Home > Training

How to scale down your workouts

For the days when you want to put in the work but you need a little slack

We all have days when we’ve got a speed session on the program but for whatever reason, we’re just not feeling it. Maybe you didn’t get much sleep last night or maybe you’ve had a long and exhausting day at work — regardless of the reason, your motivation is at an all-time low. One way to handle times like this, when you don’t want to bail on the workout but you’re having trouble mustering the drive to do it, is to scale down the workout to help you over whatever mental or physical barrier is standing in your way.

RELATED: 4 running workouts to do when you’re short on time

When to scale down the workout, and when not to

Before we go any further, we want to emphasize that there are times when lightening your workout makes sense, and times when you’re better off skipping it altogether. If you’re experiencing any kind of pain or discomfort, for example, you should take the day off and see a physiotherapist or other sports medicine practitioner to find out what’s going on. If you notice you’re constantly lacking the energy for a harder run, you may want to consider if you’re overtraining, underfuelling or experiencing burnout. In each case, you may need to take a bit of time off and get to the bottom of your chronic fatigue and lack of recovery.

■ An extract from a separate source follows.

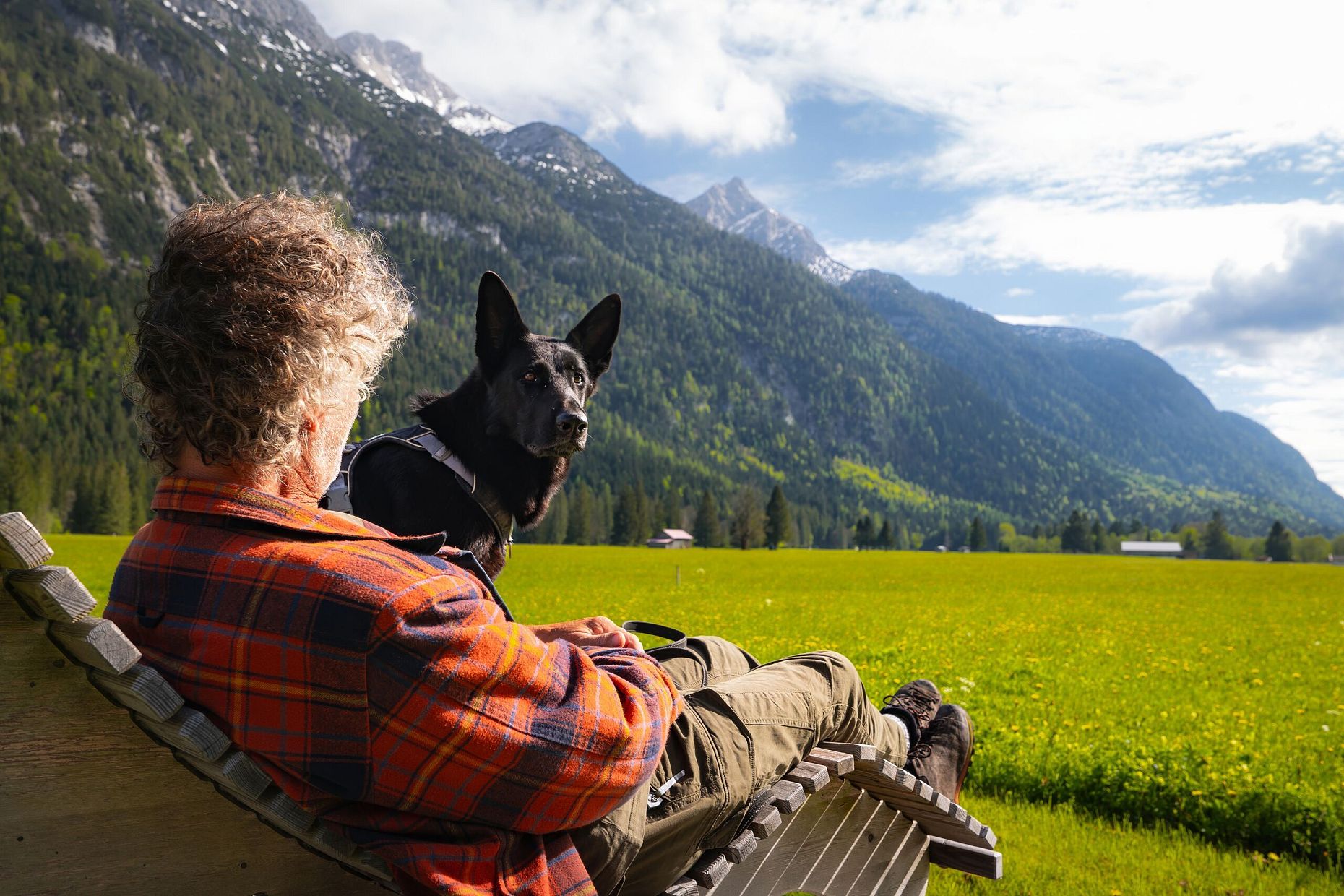 Spaziergang mit Hund in Unterleutasch - Potraitaufnahme Mann mit Hund auf Liege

How to scale down your workout

Once in a while, though, modifying your workout to be a bit shorter or easier may be the best solution. A poor night’s sleep, high-heat conditions or even a lack of time are all good reasons to scale down your workout, and there are multiple ways to do this:

Shorten it

If you’ve got 10x400m on the schedule, simply cut it back to eight or even six intervals. While you don’t want to do this all the time, this is an easy way to fit your workout in when you’re short on time.

Give yourself more rest

There are days when your workout calls for one or two minutes of rest between intervals, but you may need more, to keep hitting your goal pace. The same goes for tempo runs — if you’ve got a 20-minute tempo in the plan, break it up to 2×10 minutes or even 4×5 minutes with some rest in between. Again, you don’t want to do this all the time, but once in a while when you’re not feeling great, it’s a good option to still put in the work in a way that you can handle.

Adjust the pace

It can be disappointing when you can’t hit your goal pace during a workout, but sometimes the best thing you can do is go easy on yourself, adjust your expectations and slow the pace to something that’s more manageable. As long as you’re still challenging yourself, you’ll still get some training effect, even if it’s not quite what you were hoping for.

Adjust the frequency

If you find you’re often unmotivated to do speedwork, or you’re struggling to hit your goal paces, take a look at your weekly training schedule and ask yourself if you have too much speedwork in your program. Try for a week or two dropping down to just one speed session per week, or stretch your training week out to 10 days from the traditional seven. A little bit of extra time between workouts may be all that’s required for you to have renewed excitement for your workouts.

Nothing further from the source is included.